● MATERIAL FOR THIS TASK:

****************

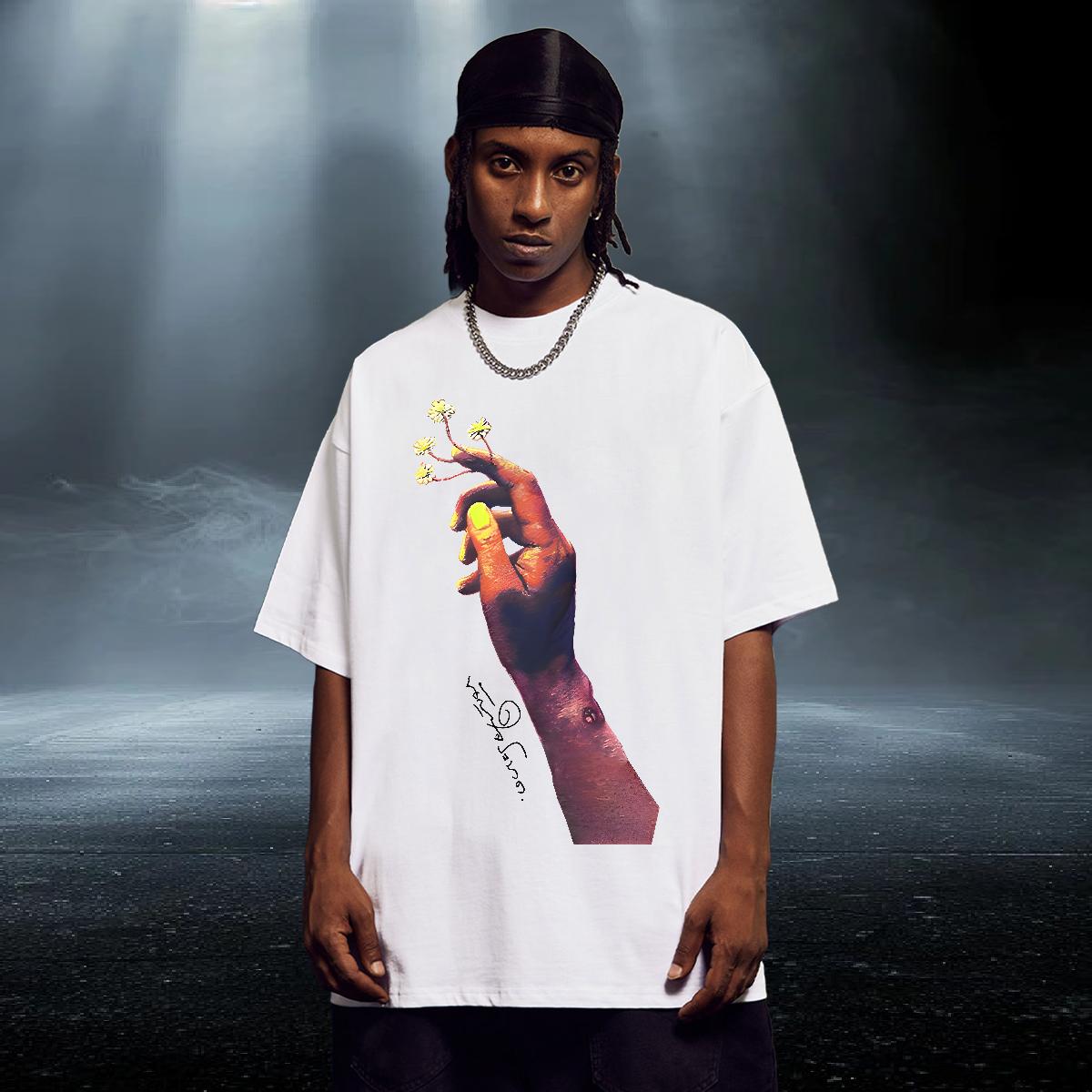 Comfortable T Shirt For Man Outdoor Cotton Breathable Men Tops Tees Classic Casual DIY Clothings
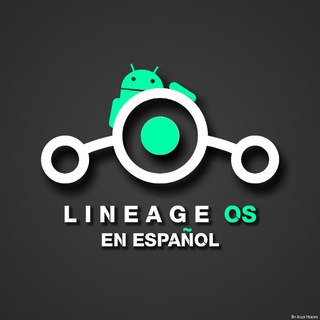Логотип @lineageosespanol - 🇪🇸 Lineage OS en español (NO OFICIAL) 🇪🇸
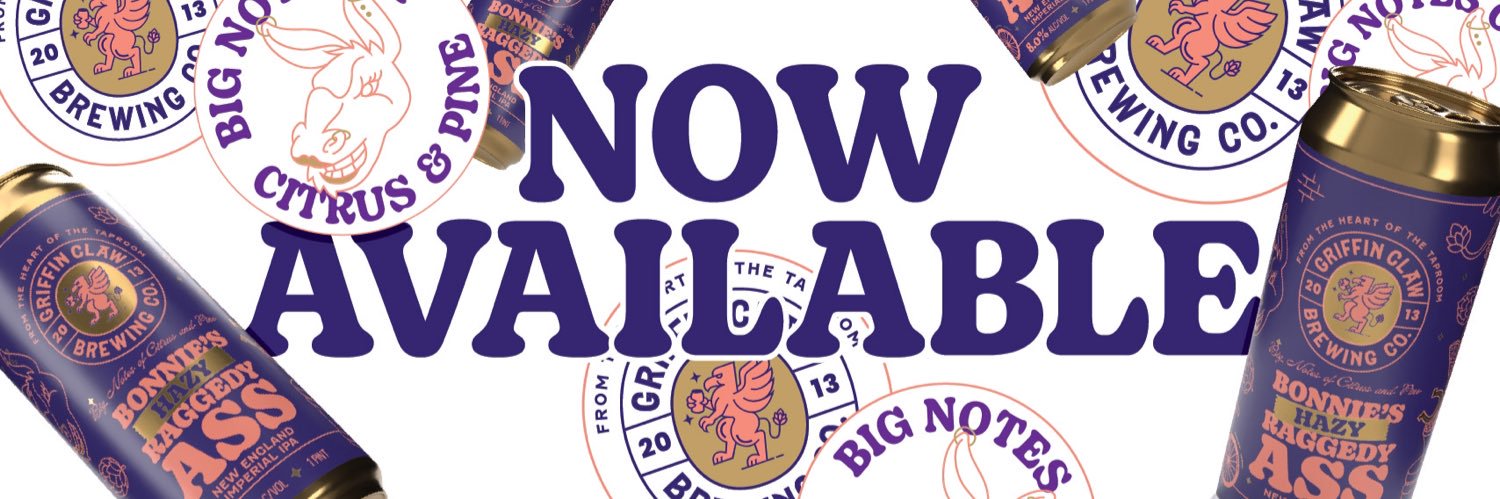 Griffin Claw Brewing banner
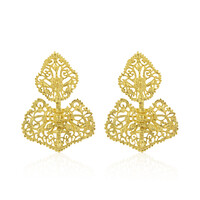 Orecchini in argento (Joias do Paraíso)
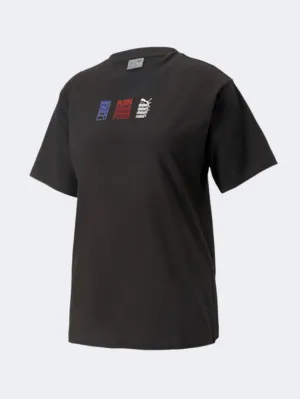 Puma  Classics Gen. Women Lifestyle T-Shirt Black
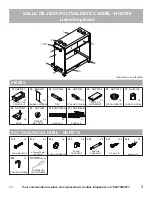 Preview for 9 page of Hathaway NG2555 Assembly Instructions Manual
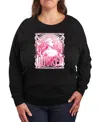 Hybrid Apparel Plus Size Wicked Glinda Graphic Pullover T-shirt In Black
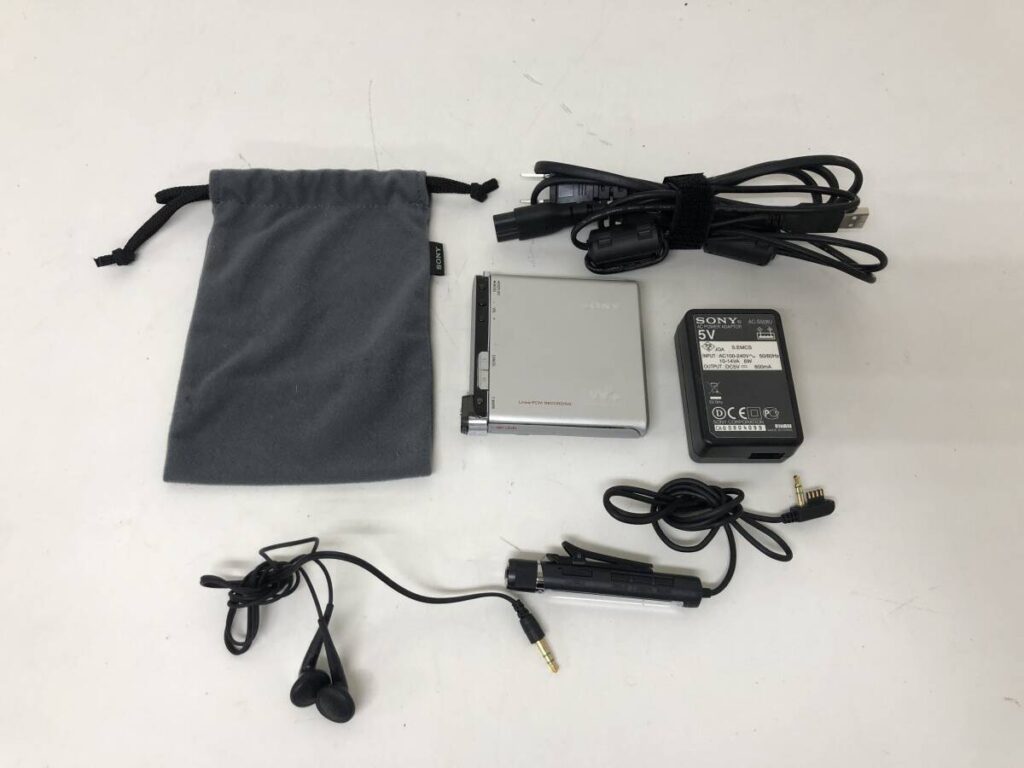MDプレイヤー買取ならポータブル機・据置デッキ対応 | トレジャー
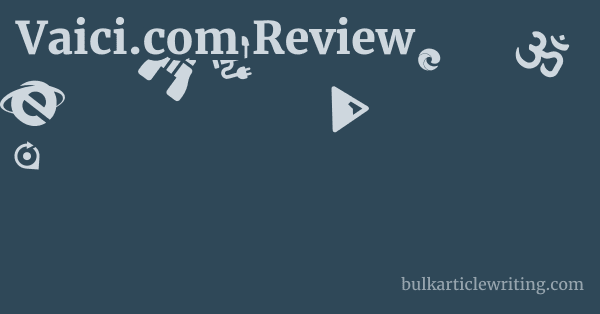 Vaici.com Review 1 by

****************

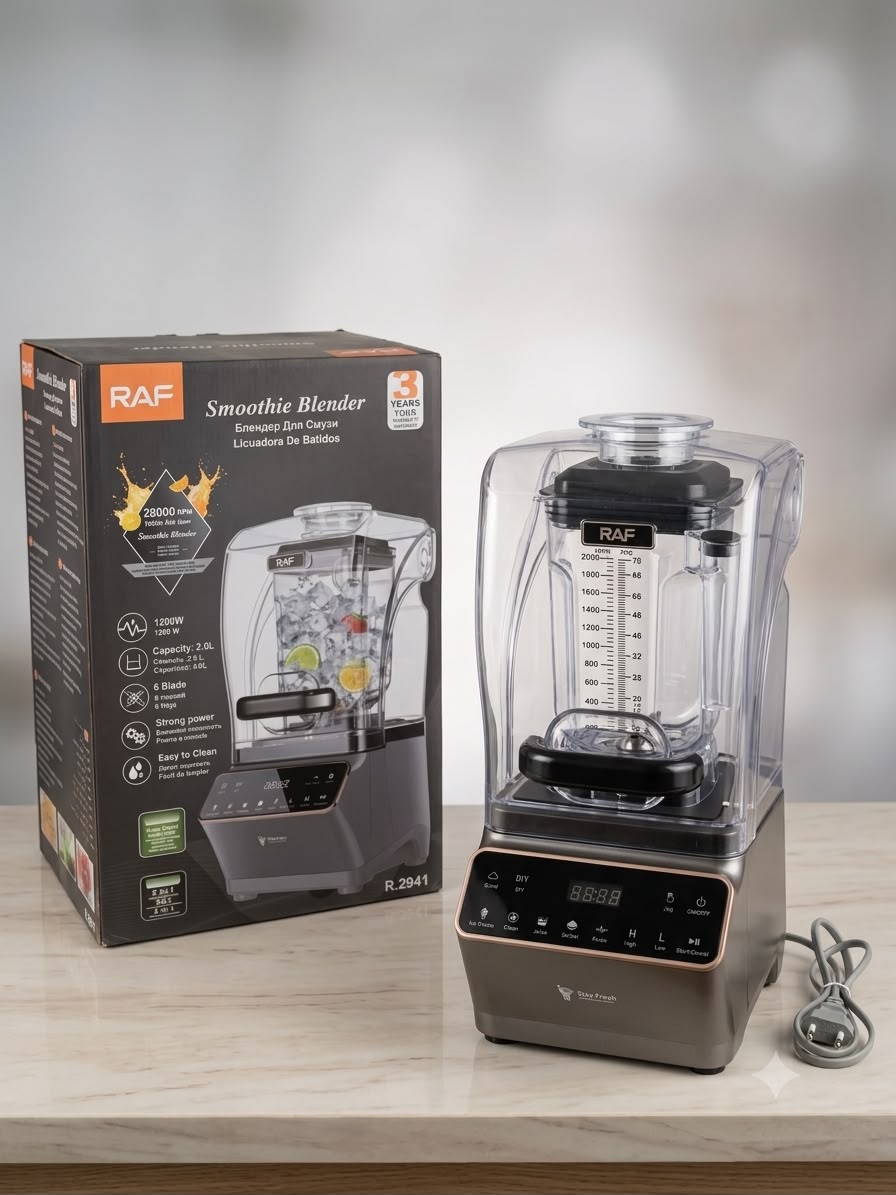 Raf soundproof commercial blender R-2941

****************

● REQUIRED ACTION:
What belongs in the answer is each line above from the line with "Lifestyle T-Shirt Black" to the line with "Vaici.com Review 1 by", inclusive, reproduced exactly and free of pictures.

● ANSWER SPACE:
 Puma  Classics Gen. Women Lifestyle T-Shirt Black
 Preview for 9 page of Hathaway NG2555 Assembly Instructions Manual
 Hybrid Apparel Plus Size Wicked Glinda Graphic Pullover T-shirt In Black
MDプレイヤー買取ならポータブル機・据置デッキ対応 | トレジャー
 Vaici.com Review 1 by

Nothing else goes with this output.